米国が抜けたことで、TPP全体の規模は大幅に縮小し、魅力が低下したことは否定できない。特にベトナムにとっては最大の恩恵の一つとみられていた、繊維・アパレルの米国向け輸出でTPP11は利用できない。三井住友銀行アジア・大洋州トレジャリー部(シンガポール)のエコノミスト、鈴木浩史氏は「世界最大の消費市場である米国が抜けたことで、タイなど潜在的な参加国とみられていた国にとって、TPP参加のインセンティブが低減した」と予想する。

日本産牛肉、7年ぶり輸入再開
ハラル対応で徳島・熊本の2社からNNA POWER ASIA 2017年11月8日付

マレーシア

輸入解禁を控えた7月、イベント会場で提供されたハラル認証の日本産和牛を試食するムスリムの女性(右)=クアラルンプール(NNA撮影)

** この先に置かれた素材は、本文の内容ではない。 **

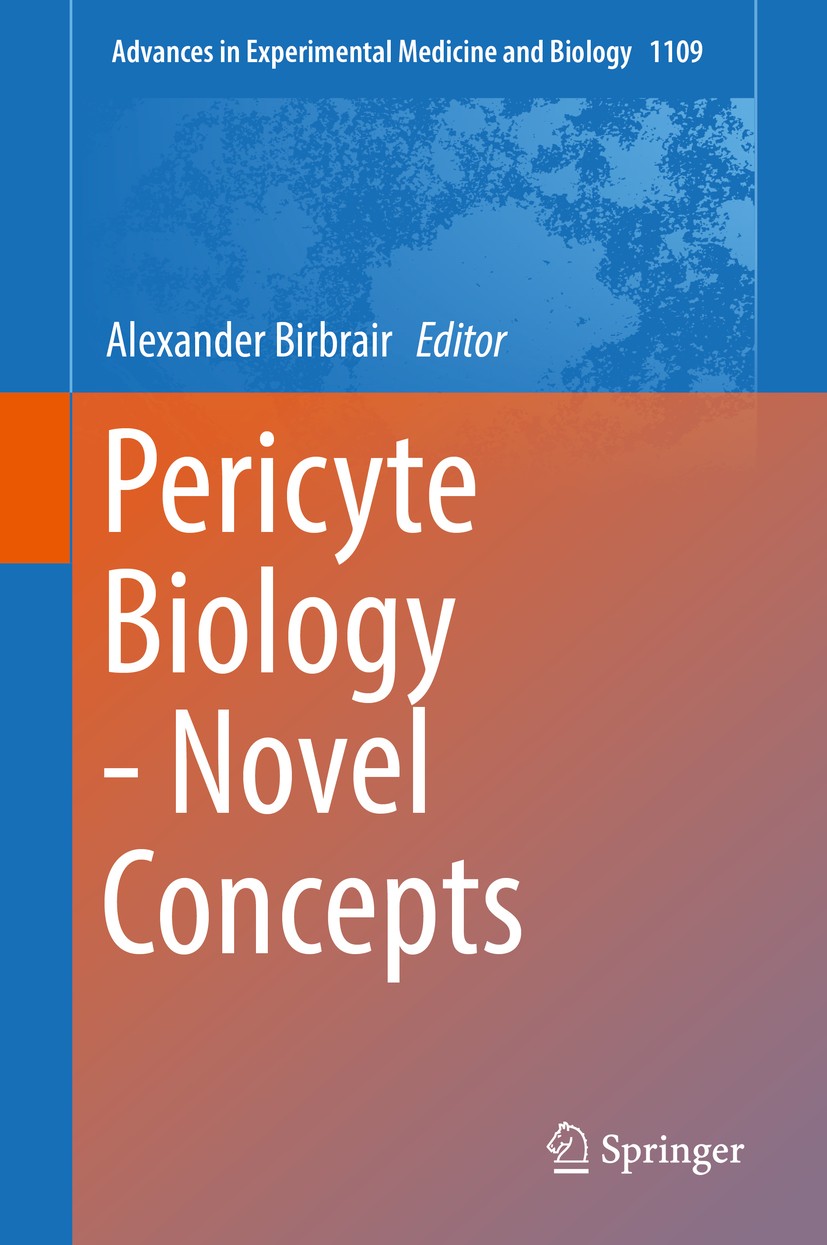 Titlebook: Pericyte Biology - Novel Concepts; Alexander Birbrair Book 2018 Springer Nature Switzerland AG 2018 pericytes.endothelial cells.homeostasi Titlebook: Pericyte Biology - Novel Concepts; Alexander Birbrair Book 2018 Springer Nature Switzerland AG 2018 pericytes.endothelial cells.homeostasi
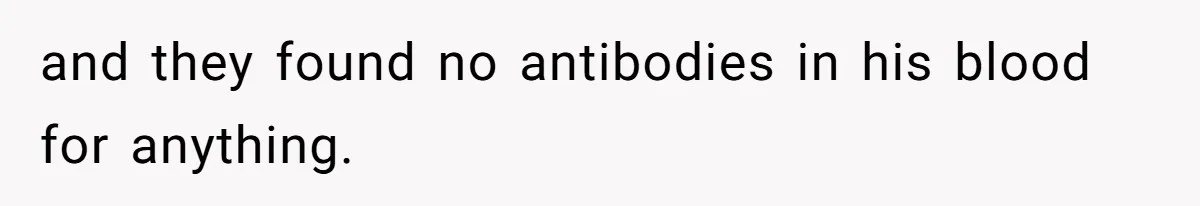 and they found no antibodies in his blood for anything.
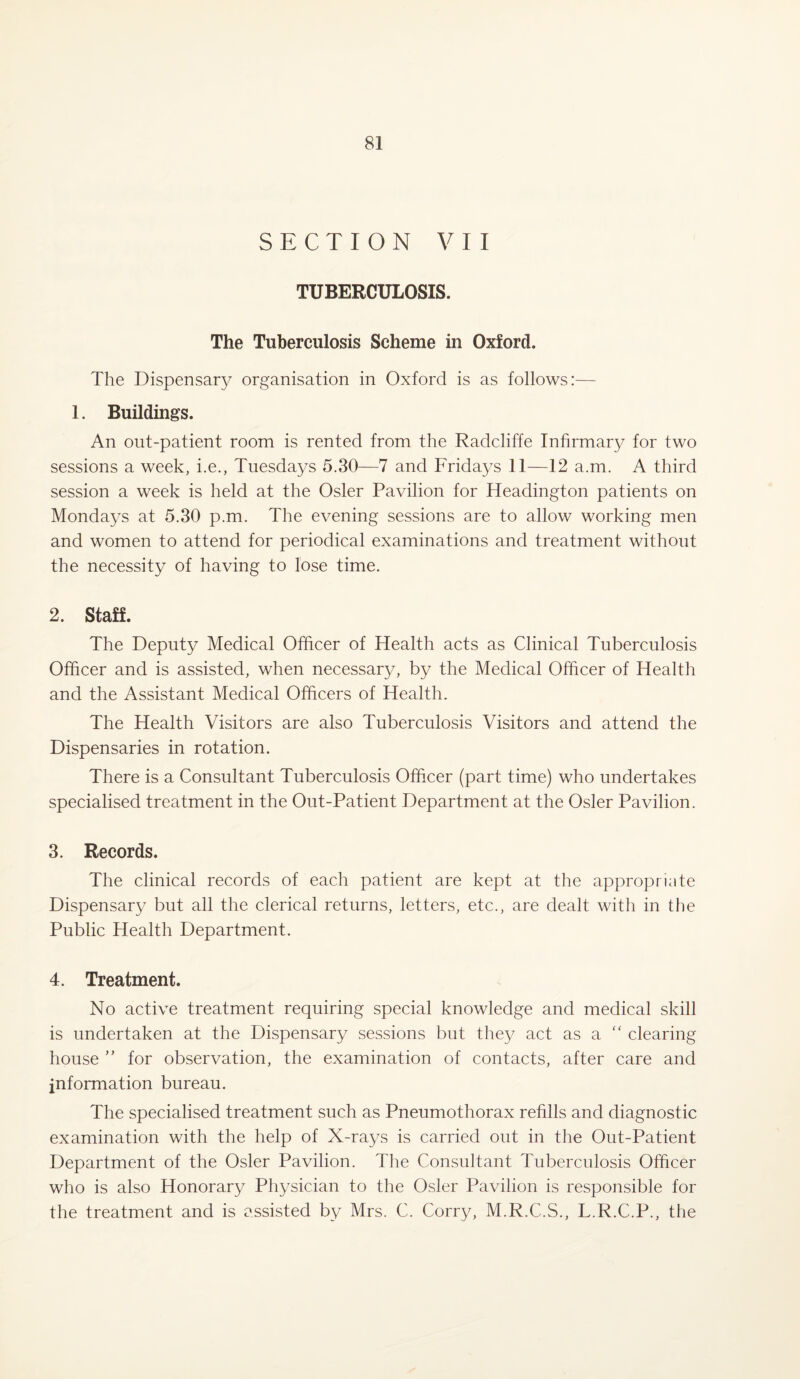 SECTION VII TUBERCULOSIS. The Tuberculosis Scheme in Oxford. The Dispensary organisation in Oxford is as follows:— 1. Buildings. An out-patient room is rented from the Radcliffe Infirmary for two sessions a week, i.e., Tuesdays 5.30—7 and Fridays 11—12 a.m. A third session a week is held at the Osier Pavilion for Headington patients on Mondays at 5.30 p.m. The evening sessions are to allow working men and women to attend for periodical examinations and treatment without the necessity of having to lose time. 2. Staff. The Deputy Medical Officer of Health acts as Clinical Tuberculosis Officer and is assisted, when necessary, by the Medical Officer of Health and the Assistant Medical Officers of Health. The Health Visitors are also Tuberculosis Visitors and attend the Dispensaries in rotation. There is a Consultant Tuberculosis Officer (part time) who undertakes specialised treatment in the Out-Patient Department at the Osier Pavilion. 3. Records. The clinical records of each patient are kept at the appropriate Dispensary but all the clerical returns, letters, etc., are dealt with in the Public Health Department. 4. Treatment. No active treatment requiring special knowledge and medical skill is undertaken at the Dispensary sessions but they act as a “ clearing house ” for observation, the examination of contacts, after care and information bureau. The specialised treatment such as Pneumothorax refills and diagnostic examination with the help of X-rays is carried out in the Out-Patient Department of the Osier Pavilion. The Consultant Tuberculosis Officer who is also Honorary Physician to the Osier Pavilion is responsible for the treatment and is assisted by Mrs. C. Corry, M.R.C.S., L.R.C.P., the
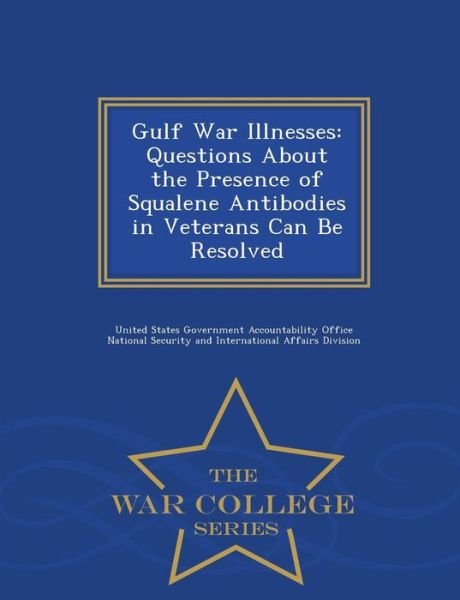 Cover for United States Government Accountability · Gulf War Illnesses: Questions About the Presence of Squalene Antibodies in Veterans Can Be Resolved - War College Series (Paperback Book) (2015)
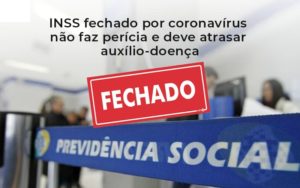Inss Fechado Por Coronavirus Nao Fsz Pericia E Deve Atrasar Auxilio Doenca Abrir Empresa Simples Contabilidade Notícias E Artigos Contábeis - Escritório de advocacia no Centro de São Paulo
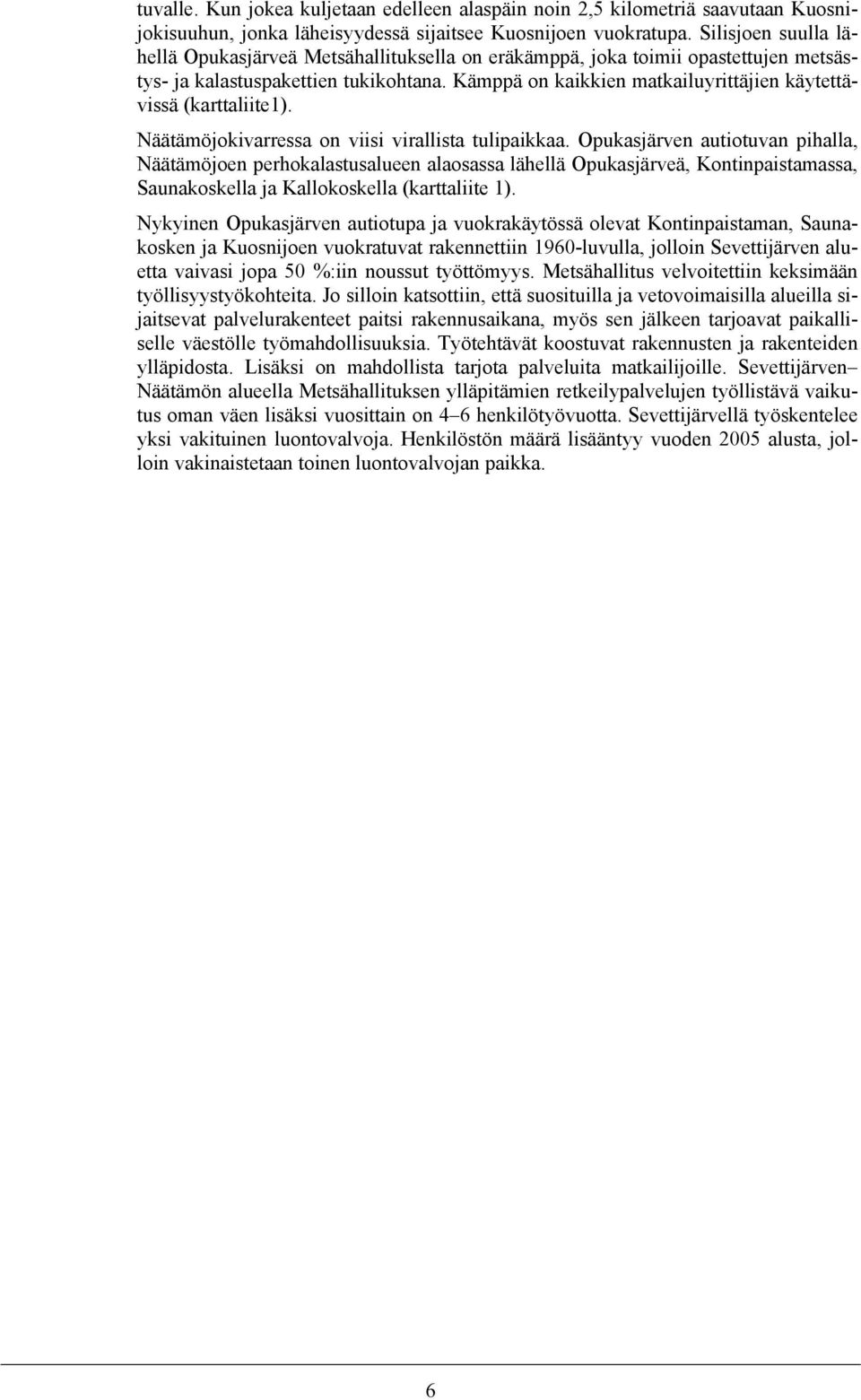 Kämppä on kaikkien matkailuyrittäjien käytettävissä (karttaliite1). Näätämöjokivarressa on viisi virallista tulipaikkaa.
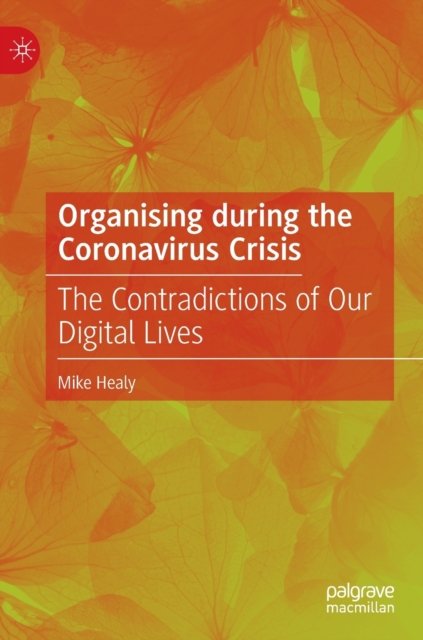 Organising during the Coronavirus Crisis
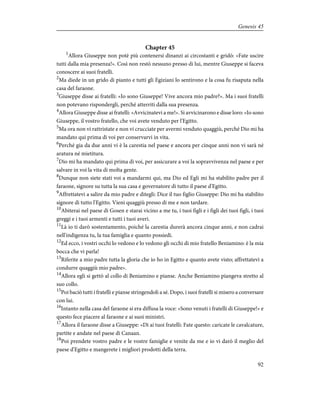 Chapter 45
1
Allora Giuseppe non potè più contenersi dinanzi ai circostanti e gridò: «Fate uscire
tutti dalla mia presenza!». Così non restò nessuno presso di lui, mentre Giuseppe si faceva
conoscere ai suoi fratelli.
2
Ma diede in un grido di pianto e tutti gli Egiziani lo sentirono e la cosa fu risaputa nella
casa del faraone.
3
Giuseppe disse ai fratelli: «Io sono Giuseppe! Vive ancora mio padre?». Ma i suoi fratelli
non potevano rispondergli, perché atterriti dalla sua presenza.
4
Allora Giuseppe disse ai fratelli: «Avvicinatevi a me!». Si avvicinarono e disse loro: «Io sono
Giuseppe, il vostro fratello, che voi avete venduto per l'Egitto.
5
Ma ora non vi rattristate e non vi crucciate per avermi venduto quaggiù, perché Dio mi ha
mandato qui prima di voi per conservarvi in vita.
6
Perché gia da due anni vi è la carestia nel paese e ancora per cinque anni non vi sarà né
aratura né mietitura.
7
Dio mi ha mandato qui prima di voi, per assicurare a voi la sopravvivenza nel paese e per
salvare in voi la vita di molta gente.
8
Dunque non siete stati voi a mandarmi qui, ma Dio ed Egli mi ha stabilito padre per il
faraone, signore su tutta la sua casa e governatore di tutto il paese d'Egitto.
9
Affrettatevi a salire da mio padre e ditegli: Dice il tuo figlio Giuseppe: Dio mi ha stabilito
signore di tutto l'Egitto. Vieni quaggiù presso di me e non tardare.
10
Abiterai nel paese di Gosen e starai vicino a me tu, i tuoi figli e i figli dei tuoi figli, i tuoi
greggi e i tuoi armenti e tutti i tuoi averi.
11
Là io ti darò sostentamento, poiché la carestia durerà ancora cinque anni, e non cadrai
nell'indigenza tu, la tua famiglia e quanto possiedi.
12
Ed ecco, i vostri occhi lo vedono e lo vedono gli occhi di mio fratello Beniamino: è la mia
bocca che vi parla!
13
Riferite a mio padre tutta la gloria che io ho in Egitto e quanto avete visto; affrettatevi a
condurre quaggiù mio padre».
14
Allora egli si gettò al collo di Beniamino e pianse. Anche Beniamino piangeva stretto al
suo collo.
15
Poi baciò tutti i fratelli e pianse stringendoli a sé. Dopo, i suoi fratelli si misero a conversare
con lui.
16
Intanto nella casa del faraone si era diffusa la voce: «Sono venuti i fratelli di Giuseppe!» e
questo fece piacere al faraone e ai suoi ministri.
17
Allora il faraone disse a Giuseppe: «Dì ai tuoi fratelli: Fate questo: caricate le cavalcature,
partite e andate nel paese di Canaan.
18
Poi prendete vostro padre e le vostre famiglie e venite da me e io vi darò il meglio del
paese d'Egitto e mangerete i migliori prodotti della terra.
92
Genesis 45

日本の農林水産省は11月7日、マレーシアのイスラム開発局(JAKIM)のハラル(イスラム教の戒律で許されたもの)認証を取得した牛肉輸出施設(2施設)で処理された日本産牛肉のマレーシアへの輸出が可能になったと発表した。マレーシアに日本産牛肉が輸入されるのは7年ぶり。年内に第1弾が届く見通しだ。これまでマレーシアでは食べられなかった日本産牛肉がムスリム(イスラム教徒)も安心できるお墨付きで国内市場に流通することになり、外食事業者や小売り事業者が積極的な販促に動くとみられている。 マレーシアは2010年に日本で牛、豚などの口蹄疫感染が確認されたことを受け、日本産牛肉の輸入を禁止。前年の09年には通年で6,392キログラム(約4,119万円相当)に達していた牛肉輸入は途絶えていた。その後、日本国内での口蹄疫が終息を宣言してからは、マレーシア政府が政策として進めていたハラル認証が輸入再開の要件となった経緯がある。